■ What is expected: Starting with the line with "Pre-Owned Cort EVL-Z4" in the entries below and going on through the line with "Pink and white", output every line exactly and nothing more. No pictures.

[Scraped caption text data]
=== Section Start ===

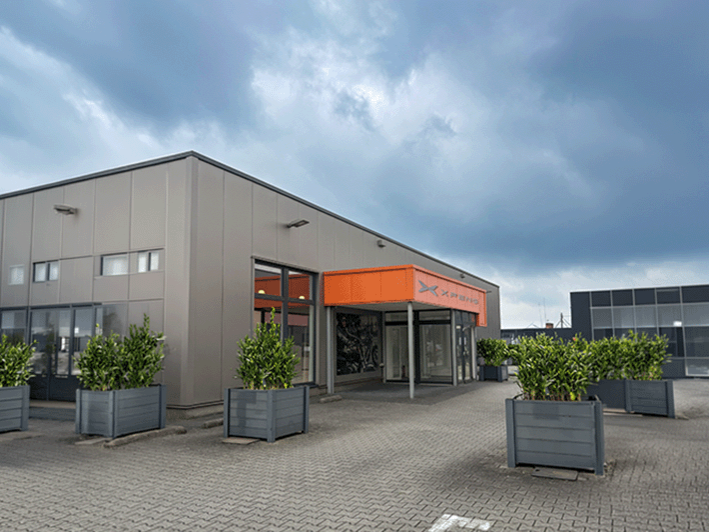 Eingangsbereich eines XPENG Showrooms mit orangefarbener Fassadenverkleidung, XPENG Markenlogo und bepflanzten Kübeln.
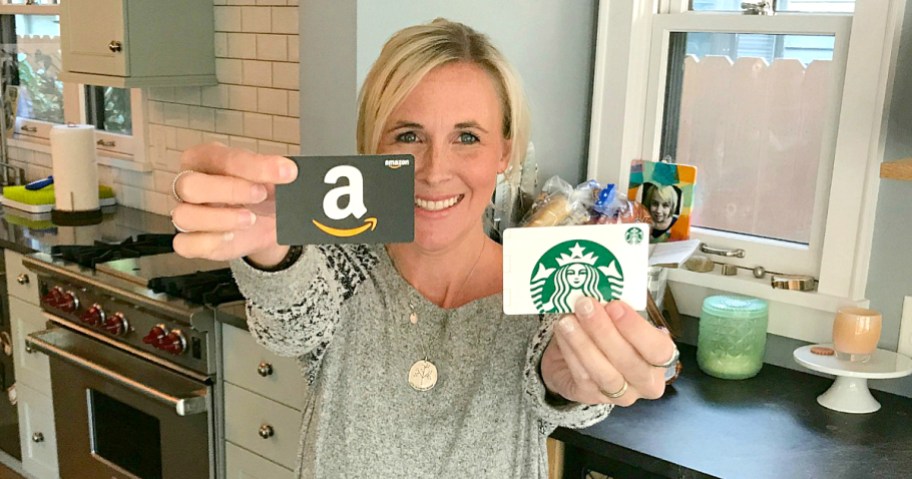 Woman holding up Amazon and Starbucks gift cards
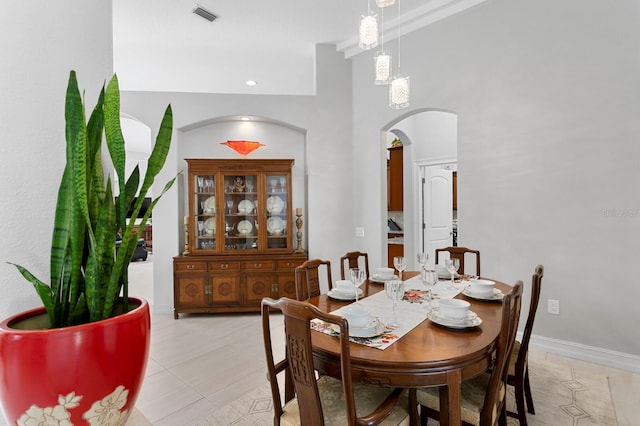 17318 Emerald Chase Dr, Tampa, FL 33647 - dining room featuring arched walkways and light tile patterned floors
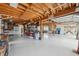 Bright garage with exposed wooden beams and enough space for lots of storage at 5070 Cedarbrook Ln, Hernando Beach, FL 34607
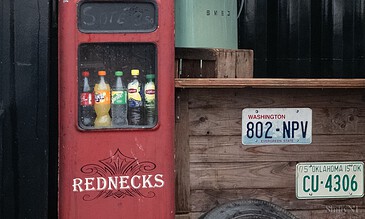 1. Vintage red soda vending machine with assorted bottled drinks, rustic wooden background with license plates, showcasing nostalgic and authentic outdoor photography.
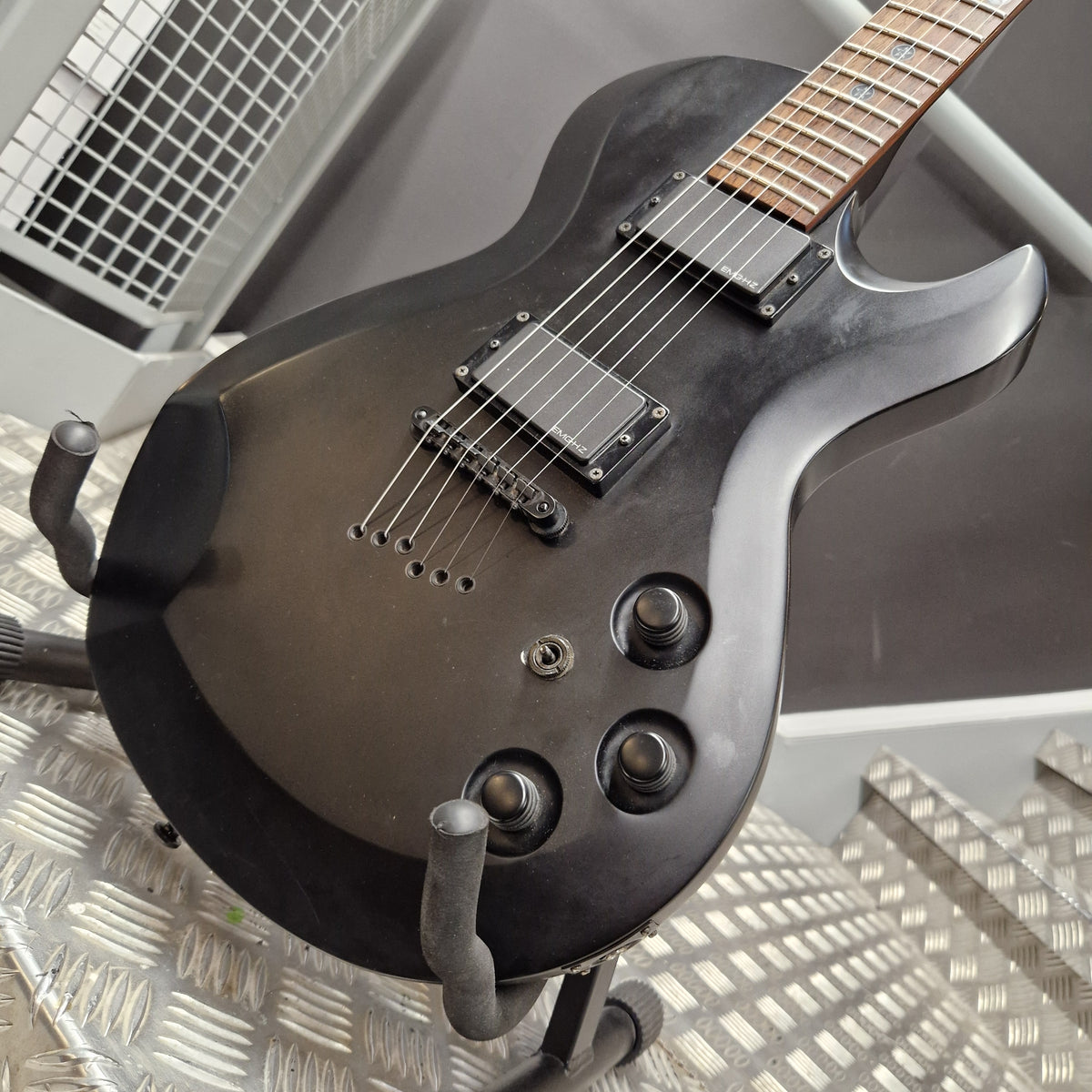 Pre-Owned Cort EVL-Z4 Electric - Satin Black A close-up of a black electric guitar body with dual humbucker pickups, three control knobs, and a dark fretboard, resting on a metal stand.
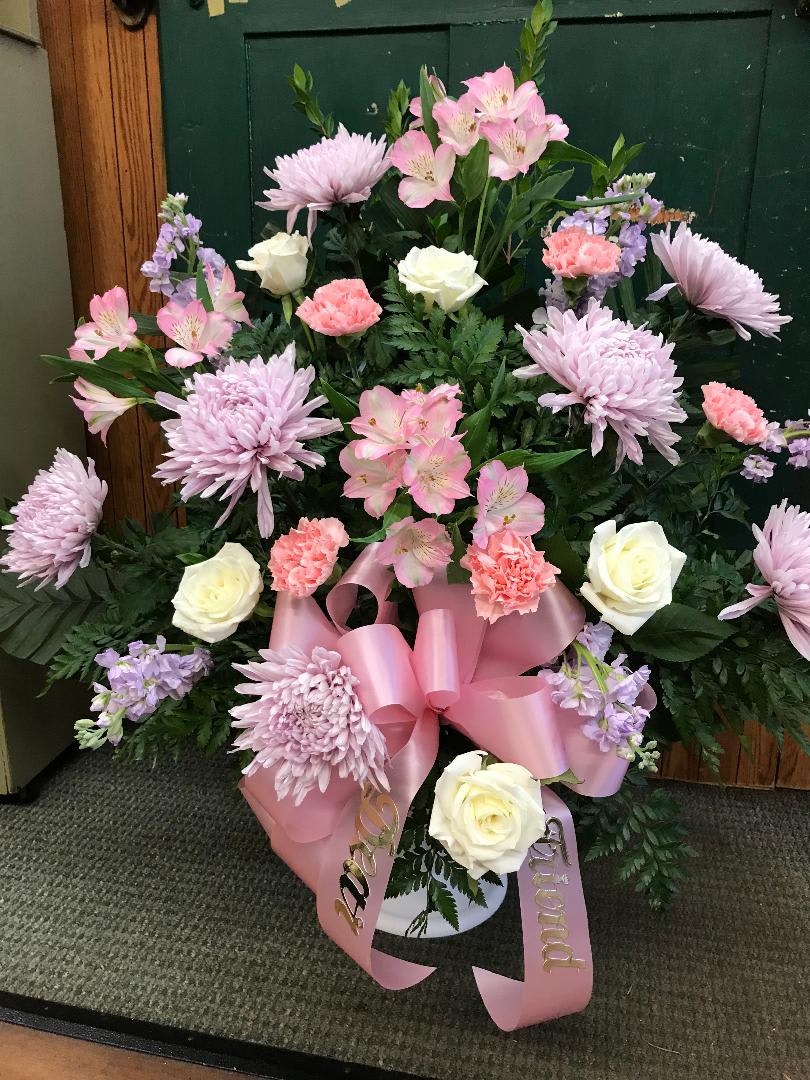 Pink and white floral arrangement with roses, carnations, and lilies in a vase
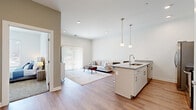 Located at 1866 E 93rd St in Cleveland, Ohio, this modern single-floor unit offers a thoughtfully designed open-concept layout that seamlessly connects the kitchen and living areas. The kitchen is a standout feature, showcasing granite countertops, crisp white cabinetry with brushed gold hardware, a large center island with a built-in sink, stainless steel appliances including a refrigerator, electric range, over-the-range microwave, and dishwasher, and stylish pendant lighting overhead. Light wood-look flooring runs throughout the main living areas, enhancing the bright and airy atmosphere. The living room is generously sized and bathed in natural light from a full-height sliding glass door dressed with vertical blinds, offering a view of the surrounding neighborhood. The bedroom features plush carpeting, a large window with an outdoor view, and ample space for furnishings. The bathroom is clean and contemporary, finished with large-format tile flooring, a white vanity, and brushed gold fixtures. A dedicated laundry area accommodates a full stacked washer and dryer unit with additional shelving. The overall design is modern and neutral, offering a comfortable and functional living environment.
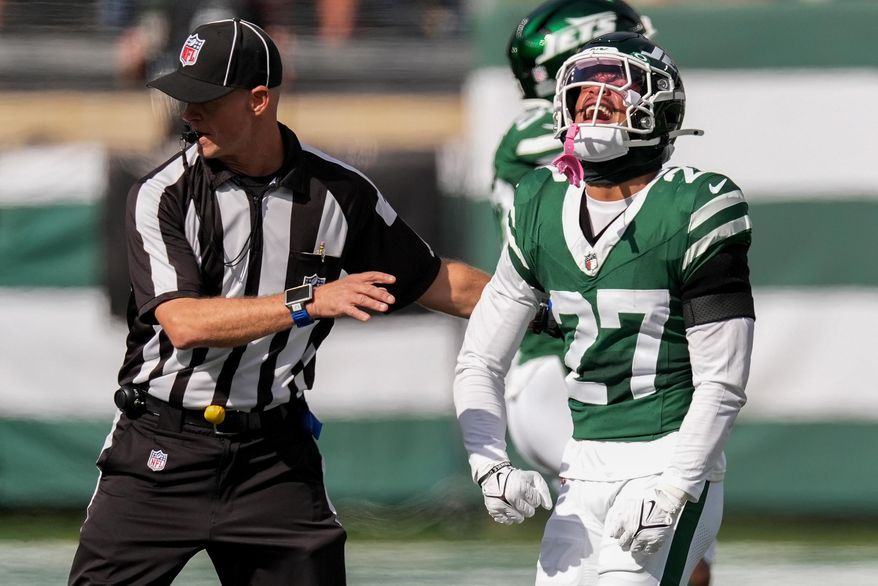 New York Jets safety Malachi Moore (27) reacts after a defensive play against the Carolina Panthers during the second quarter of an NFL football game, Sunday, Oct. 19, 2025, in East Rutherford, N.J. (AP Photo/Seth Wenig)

=== Section End ===

■ Result of this task:
 Pre-Owned Cort EVL-Z4 Electric - Satin Black A close-up of a black electric guitar body with dual humbucker pickups, three control knobs, and a dark fretboard, resting on a metal stand.
 Pink and white floral arrangement with roses, carnations, and lilies in a vase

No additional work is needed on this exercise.